Dia desses esbarrei com um vídeo nas redes sociais, no qual o insuspeito Waldemar da Costa Neto, figura de baixíssima extração da política nacional, diz com todas as letras o que já devia ser de domínio público, mas infelizmente ainda não é: “Como se trata de um artista, Roberto Jefferson inventou o mensalão.”
Isto na semana em que o Supremo Tribunal Federal, através do ministro Toffoli, jogou a pá de cal que faltava sobre a Lava Jato.
“Ah, mas se estamos de alma lavada com a derrocada final de Moro, Dallagnol e companhia e com o caminho que se abre para responsabilização criminal da gangue de Curitiba e até, quem sabe, dos veículos de comunicação acumpliciados, por que remoer essa história do mensalão?”, perguntarão alguns lutadores políticos e sociais.
Não é difícil responder: antes tarde do que nunca, é importante reparar a injustiça cometida contra diversos brasileiros que tiveram suas reputações destruídas, perderam seus mandatos e empregos e foram parar na cadeia. Em nome do zelo pelo estado democrático de direito e em respeito às futuras gerações, não se pode varrer toda essa sujeira para debaixo do tapete da história. É preciso jogar luz sobre as inúmeras aberrações jurídicas produzidas pelo mensalão.
Há um equívoco temporal na decisão de Toffoli sobre a Lava Jato: não foi ali que se chocou o ovo da serpente do fascismo pela primeira vez, mas cerca de dez anos antes, por ocasião da farsa jurídico-midiática monumental engendrada pela Ação Penal 470.
Abre parênteses: alguns réus do mensalão deveriam responder à justiça eleitoral por financiamento ilegal de campanha eleitoral, o caixa 2, e não à justiça criminal. Era época de financiamento privado das campanhas, na qual os empresários despejavam montanhas de dinheiro nas eleições. Hoje o financiamento é praticamente público, depois da criação do fundo eleitoral. Um avanço considerável. Fecha parênteses.

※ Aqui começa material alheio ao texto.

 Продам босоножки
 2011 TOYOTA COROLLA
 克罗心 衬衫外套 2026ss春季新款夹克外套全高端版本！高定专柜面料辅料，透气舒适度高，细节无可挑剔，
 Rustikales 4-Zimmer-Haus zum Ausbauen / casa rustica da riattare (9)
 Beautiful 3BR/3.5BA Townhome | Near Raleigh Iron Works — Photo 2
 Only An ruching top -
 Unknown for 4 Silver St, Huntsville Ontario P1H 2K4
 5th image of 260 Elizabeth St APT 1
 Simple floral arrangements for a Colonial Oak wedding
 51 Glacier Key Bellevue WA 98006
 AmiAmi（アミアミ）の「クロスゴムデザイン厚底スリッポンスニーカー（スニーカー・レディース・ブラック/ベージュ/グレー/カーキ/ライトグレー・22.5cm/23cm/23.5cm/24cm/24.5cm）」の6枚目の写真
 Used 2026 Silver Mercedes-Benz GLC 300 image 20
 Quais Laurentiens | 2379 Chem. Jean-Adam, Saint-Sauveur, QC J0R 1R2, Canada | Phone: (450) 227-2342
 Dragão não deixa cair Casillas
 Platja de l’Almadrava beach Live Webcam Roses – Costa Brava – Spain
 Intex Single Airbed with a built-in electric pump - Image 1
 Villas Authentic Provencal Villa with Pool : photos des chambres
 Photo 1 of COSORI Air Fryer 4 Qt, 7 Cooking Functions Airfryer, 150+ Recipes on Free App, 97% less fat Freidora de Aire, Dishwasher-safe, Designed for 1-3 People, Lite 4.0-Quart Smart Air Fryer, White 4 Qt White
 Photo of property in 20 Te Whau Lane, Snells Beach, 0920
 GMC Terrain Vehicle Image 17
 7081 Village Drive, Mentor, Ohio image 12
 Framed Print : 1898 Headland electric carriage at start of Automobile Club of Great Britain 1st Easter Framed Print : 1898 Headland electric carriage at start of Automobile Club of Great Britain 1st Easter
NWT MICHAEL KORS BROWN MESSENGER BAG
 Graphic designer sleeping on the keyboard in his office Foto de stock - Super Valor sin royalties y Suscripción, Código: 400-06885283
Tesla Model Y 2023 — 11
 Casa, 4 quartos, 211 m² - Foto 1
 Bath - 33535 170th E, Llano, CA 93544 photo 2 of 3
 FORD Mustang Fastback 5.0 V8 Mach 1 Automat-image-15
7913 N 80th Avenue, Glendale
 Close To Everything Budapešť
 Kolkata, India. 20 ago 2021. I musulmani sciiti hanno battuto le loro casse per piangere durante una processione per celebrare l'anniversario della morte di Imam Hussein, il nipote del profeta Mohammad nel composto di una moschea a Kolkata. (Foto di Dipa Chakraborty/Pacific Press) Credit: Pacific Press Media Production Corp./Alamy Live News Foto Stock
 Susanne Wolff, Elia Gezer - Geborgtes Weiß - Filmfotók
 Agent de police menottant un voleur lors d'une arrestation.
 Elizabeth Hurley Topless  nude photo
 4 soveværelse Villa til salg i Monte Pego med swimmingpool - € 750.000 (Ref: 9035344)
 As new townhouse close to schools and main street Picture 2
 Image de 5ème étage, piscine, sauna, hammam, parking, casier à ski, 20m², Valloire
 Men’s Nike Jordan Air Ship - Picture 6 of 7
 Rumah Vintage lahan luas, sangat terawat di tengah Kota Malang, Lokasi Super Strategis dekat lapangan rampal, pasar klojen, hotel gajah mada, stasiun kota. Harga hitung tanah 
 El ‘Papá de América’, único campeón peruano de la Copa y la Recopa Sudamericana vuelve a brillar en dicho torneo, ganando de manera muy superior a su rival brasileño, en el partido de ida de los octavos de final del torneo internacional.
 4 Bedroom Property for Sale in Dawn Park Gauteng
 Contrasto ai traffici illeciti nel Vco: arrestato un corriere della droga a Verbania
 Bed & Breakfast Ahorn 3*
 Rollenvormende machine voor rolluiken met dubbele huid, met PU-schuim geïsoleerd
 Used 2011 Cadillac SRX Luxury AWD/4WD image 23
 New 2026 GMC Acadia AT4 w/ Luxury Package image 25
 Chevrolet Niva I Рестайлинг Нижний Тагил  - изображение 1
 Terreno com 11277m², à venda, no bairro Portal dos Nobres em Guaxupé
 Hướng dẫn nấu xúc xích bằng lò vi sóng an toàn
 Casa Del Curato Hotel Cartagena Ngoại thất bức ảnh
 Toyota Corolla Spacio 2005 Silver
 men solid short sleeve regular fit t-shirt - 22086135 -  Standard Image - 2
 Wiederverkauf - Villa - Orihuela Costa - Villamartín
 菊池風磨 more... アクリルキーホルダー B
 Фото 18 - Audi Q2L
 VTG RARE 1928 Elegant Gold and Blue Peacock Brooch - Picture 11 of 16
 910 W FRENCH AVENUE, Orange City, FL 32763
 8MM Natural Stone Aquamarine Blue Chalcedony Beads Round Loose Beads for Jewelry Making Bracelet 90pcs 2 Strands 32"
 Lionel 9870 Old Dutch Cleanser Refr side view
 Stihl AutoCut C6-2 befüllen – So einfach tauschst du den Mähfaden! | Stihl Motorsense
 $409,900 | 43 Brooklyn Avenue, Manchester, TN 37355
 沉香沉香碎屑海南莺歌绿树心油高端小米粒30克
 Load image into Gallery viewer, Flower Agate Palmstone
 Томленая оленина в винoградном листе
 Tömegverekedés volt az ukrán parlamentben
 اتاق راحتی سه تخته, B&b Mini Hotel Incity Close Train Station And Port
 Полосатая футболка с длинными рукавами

Tendo como alvo central o Partido dos Trabalhadores, suas principais lideranças e aliados, o processo do mensalão não teria ido tão longe não fosse a condenação prévia dos réus pelo tribunal da mídia, com a Rede Globo à frente. Também não prosperaria sem a espetacularização das prisões e a transformação das transmissões ao vivo das sessões do Supremo em programas apelativos de auditório.
Tal qual sua irmã mais nova, a Lava Jato, também no mensalão premissas constitucionais, como a presunção da inocência, foram atiradas no lixo. O código penal e o código de processo penal foram violados sem prurido ao longo de todo o tempo de duração do processo de exceção.
Se não bastasse, o relator Joaquim Barbosa, inebriado pelos holofotes da mídia, importou do código penal alemão a teoria do domínio do fato, para aplicá-lo no Brasil de forma oportunista e sem amparo na nossa legislação.
Cerca de mil testemunhas foram ouvidas na instrução da AP 470, dentre elas, só Roberto Jefferson confirmou a existência de um esquema de compra de votos no Congresso. Todas as outras pessoas ouvidas negaram taxativamente ter conhecimento do esquema.
Entretanto, na ânsia de entregar o resultado exigido pela imprensa, Joaquim Barbosa ignorou por completo esses depoimentos.
Faltava o gran finale .Como era necessário emplacar uma narrativa acerca da origem do dinheiro público que financiara o mensalão, inventou-se uma história sem pé nem cabeça de desvios de verbas publicitárias do Visanet/Cartão Ourocard.
De nada adiantou a imprensa alternativa ter publicado reportagens provando que todos esses recursos foram efetivamente gastos em campanhas publicitárias do cartão Ourocard do Banco do Brasil. Relatório do próprio Banco do Brasil atestou a lisura na utilização desse dinheiro em suas campanhas.
Mas lawfare é assim: o fato não importa, mas sim uma versão capaz de colocar o sistema de justiça a serviço de interesses políticos.